Lewis reacts to being traded to Washington

Gilbert Arenas has already played his first game for the Orlando Magic, but Rashard Lewis will only finish his first practice as a Washington Wizard on Wednesday morning.

Getting traded wasn’t exactly on Lewis’s list of Christmas wishes, and he said in his first appearance with his new team on Tuesday that he needed all of Saturday and more just to get his head around the changes that he was facing.

“The past 48 hours have been hectic,” said Lewis. “The hardest part was just that day. Like I was telling my mom, she asked me how I was feeling. I said I’m fine, I have thick skin. Once [Saturday] was over, I was going to be completely fine. Just everything was running through my mind 100 miles per hour. I just needed a little time to think, with moving, being traded, my family coming with me, living situations, there’s a lot of stuff running through my mind.”

Yes, moving from a team expecting to contend for the Eastern Conference title and an NBA championship to a long-term rebuild isn’t easy, and despite Lewis’s struggles this season, he didn’t expect it.

“My first reaction was obviously a little surprise as well as a little upset just for the fact that it came so quick. I went to shoot-around that morning, and I went home to take a nap, and my phone was just ringing off the hook,” said Lewis. “I kinda had a feeling because I heard the rumors that morning, but by me being in the league for 12 years it wasn’t as big of a blow to me because I’ve been on teams to where you have different teammates every year, where guys have been traded, like when Gary Payton was traded [from Seattle].”

On the bench at Verizon Center for Tuesday’s utter demolition of Charlotte, Lewis got to see the kind of victory that just doesn’t happen for the Wizards, and he won’t need to be reminded that the Wizards haven’t all of a sudden turned into a contender despite playing two solid games in a row, even with John Wall out injured. But similar to how Arenas is feeling now that he’s with Orlando, the weight also seems to have been lifted in Washington now that Arenas is gone, and Washington is far from totally out of contention in the Eastern Conference.

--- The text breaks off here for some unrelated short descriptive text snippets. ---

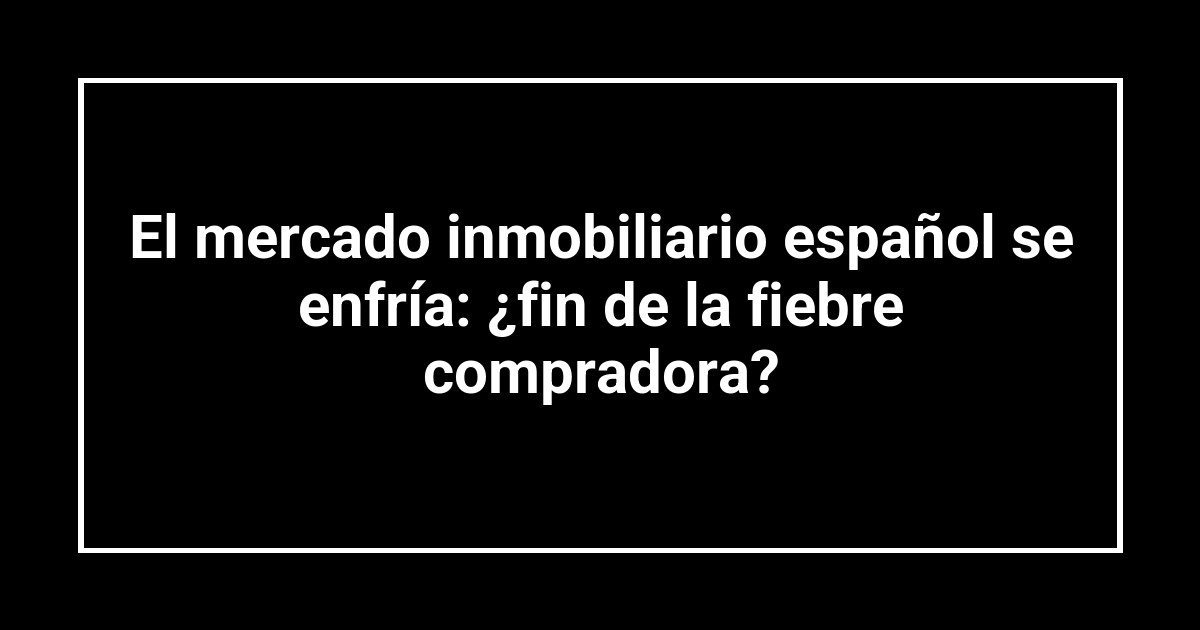 El mercado inmobiliario español se enfría: ¿fin de la fiebre compradora?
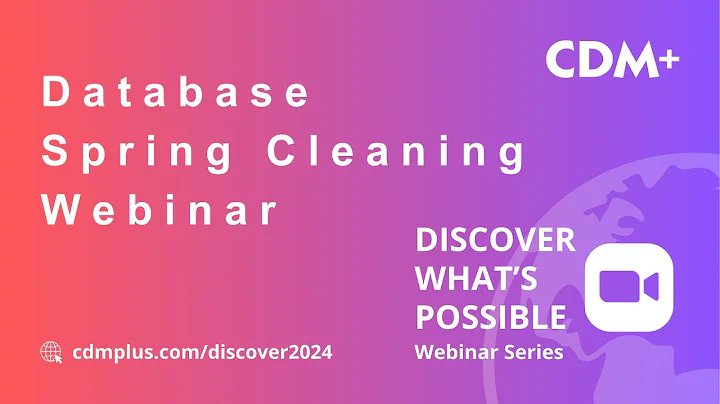 CDM+ Database Spring Cleaning Webinar | Discover What's Possible Series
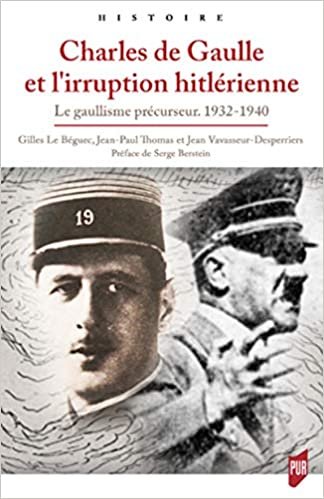 Charles de Gaulle et l'irruption hitlérienne: Le gaullisme précurseur. 1932-1940 (Histoire) indir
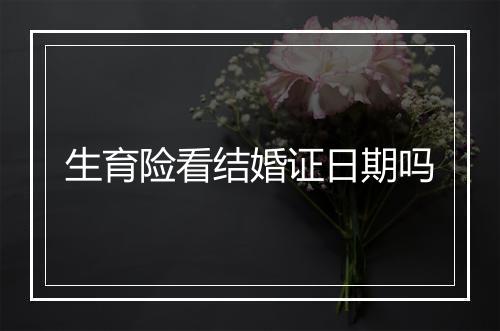 生育险看结婚证日期吗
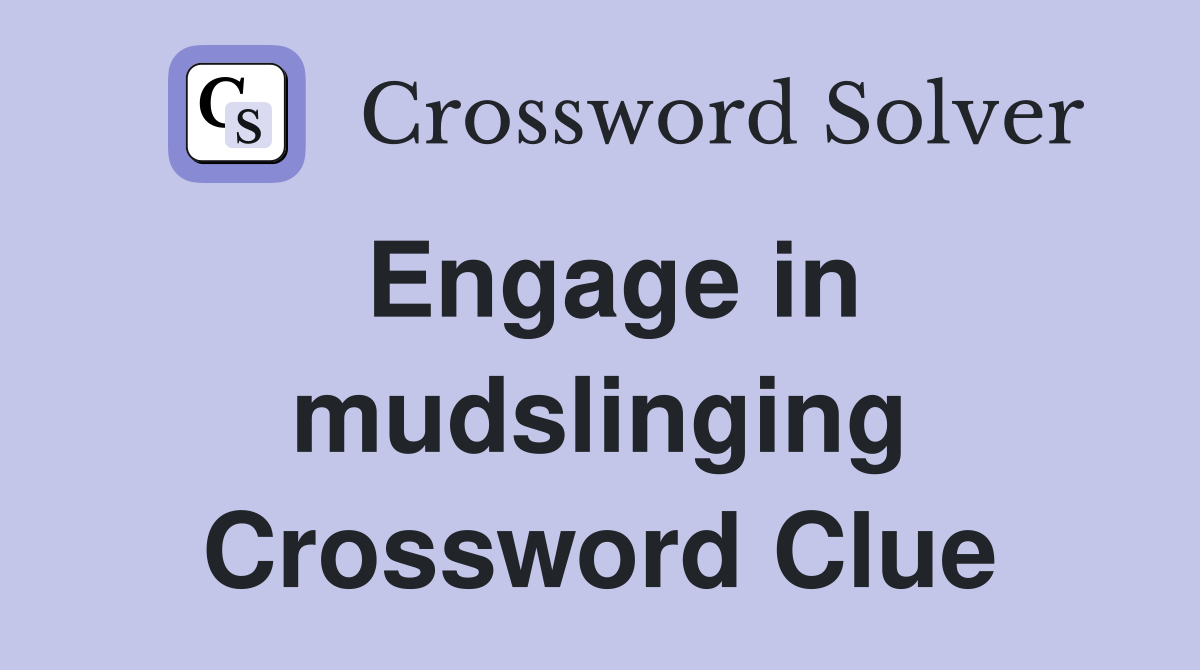 Engage in mudslinging Crossword Clue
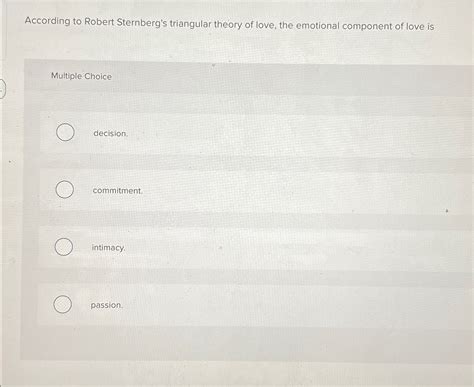 Solved According to Robert Sternberg's triangular theory of | Chegg.com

We’ll let Lewis say the P-word.

“The goal’s obviously changed for me, and I’ve thought about it ever since the trade happened,” he said. “Now my ultimate goal is to try to get this team in the playoffs or hopefully in the hunt to make the playoffs. I think that should be the goal, and to help these guys grow and be a veteran in the locker room, not by voice but most definitely by example.”

Lewis is now the Wizards’ highest-paid player, but he doesn’t have an outsized personality to go with it. What head coach Flip Saunders and the Wizards hope to do is rekindle some of the fire that inspired the 6-foot-10 forward to first become an All-Star with the Seattle Supersonics after he was passed over by his hometown team in Houston when he declared for the NBA Draft straight out of high school in 1998.

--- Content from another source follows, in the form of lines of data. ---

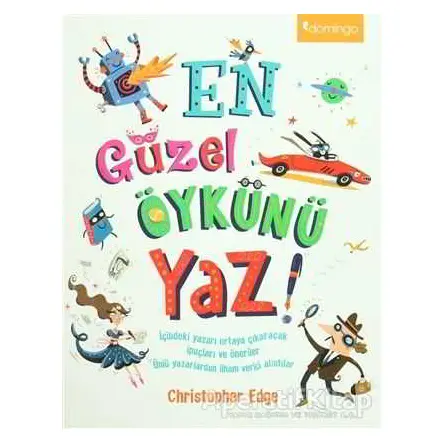 En Güzel Öykünü Yaz! - Christopher Edge - Domingo Yayınevi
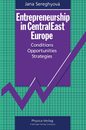Entrepreneurship in CentralEast Europe: Conditions ・ Opportunities ・ Strategies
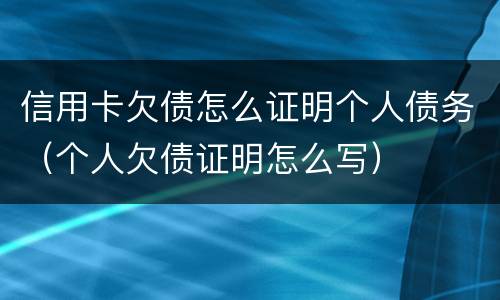 信用卡欠债怎么证明个人债务（个人欠债证明怎么写）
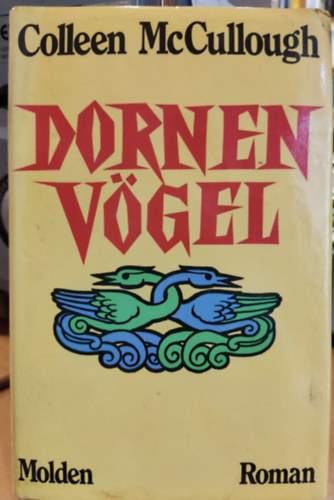 Colleen McCullough - Dornen vgel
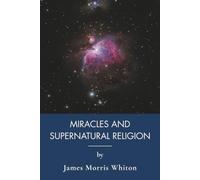 Miracles and Supernatural Religion: Christian Apologetics and the Miracles of Jesus (Annotated)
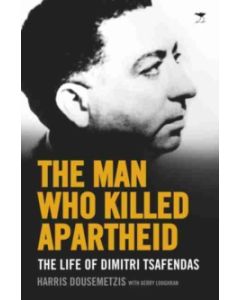 Man Who Killed Apartheid, The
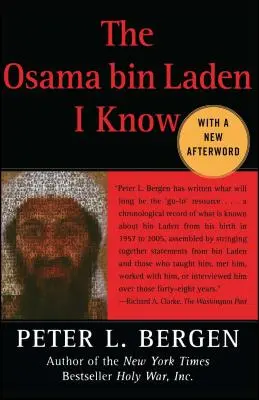 Osama Bin Laden, den ich kenne: Eine mündliche Geschichte des Anführers von Al Qaida - Osama Bin Laden I Know: An Oral History of Al Qaeda's Leader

“One, he’s extremely professional,” said Saunders. “I had the opportunity to spend three weeks with him when I coached him in the Goodwill Games so I understand not only how he plays, but mentally he’s very professional and how he goes about doing things. I think he’s going to be extremely motivated. We’re going to try to use him how he was used in Seattle, move him around, let him play a couple different positions, run plays for him where he doesn’t become as much of a one-dimensional-type player.”

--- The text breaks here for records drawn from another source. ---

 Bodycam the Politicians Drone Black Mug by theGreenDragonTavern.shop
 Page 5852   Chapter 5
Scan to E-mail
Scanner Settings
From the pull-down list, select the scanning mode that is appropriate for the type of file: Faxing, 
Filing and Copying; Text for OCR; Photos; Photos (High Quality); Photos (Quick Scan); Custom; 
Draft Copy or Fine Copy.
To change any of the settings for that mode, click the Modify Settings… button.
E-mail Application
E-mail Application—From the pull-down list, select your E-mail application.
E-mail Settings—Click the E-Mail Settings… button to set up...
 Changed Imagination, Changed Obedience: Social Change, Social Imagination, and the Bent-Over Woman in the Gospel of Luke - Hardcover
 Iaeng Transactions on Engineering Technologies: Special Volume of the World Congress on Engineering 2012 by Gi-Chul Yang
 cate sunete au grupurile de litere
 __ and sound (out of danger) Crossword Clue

Nothing like a subtle jab at Orlando, which has lost seven of it’s last eight games, to stoke the fire.

“Most definitely [the trade] can be used for motivation,” said Lewis. “It’s most definitely going to fuel me a little bit. Obviously, from the situation I was in to coming to the Washington Wizards, I think I’m the type of guy who I’ve been doubted my whole life growing up, from high school to the NBA. I feel like it’s always something in front of me that’s challenging me. I just look at this as another challenge. But I’m a positive guy.”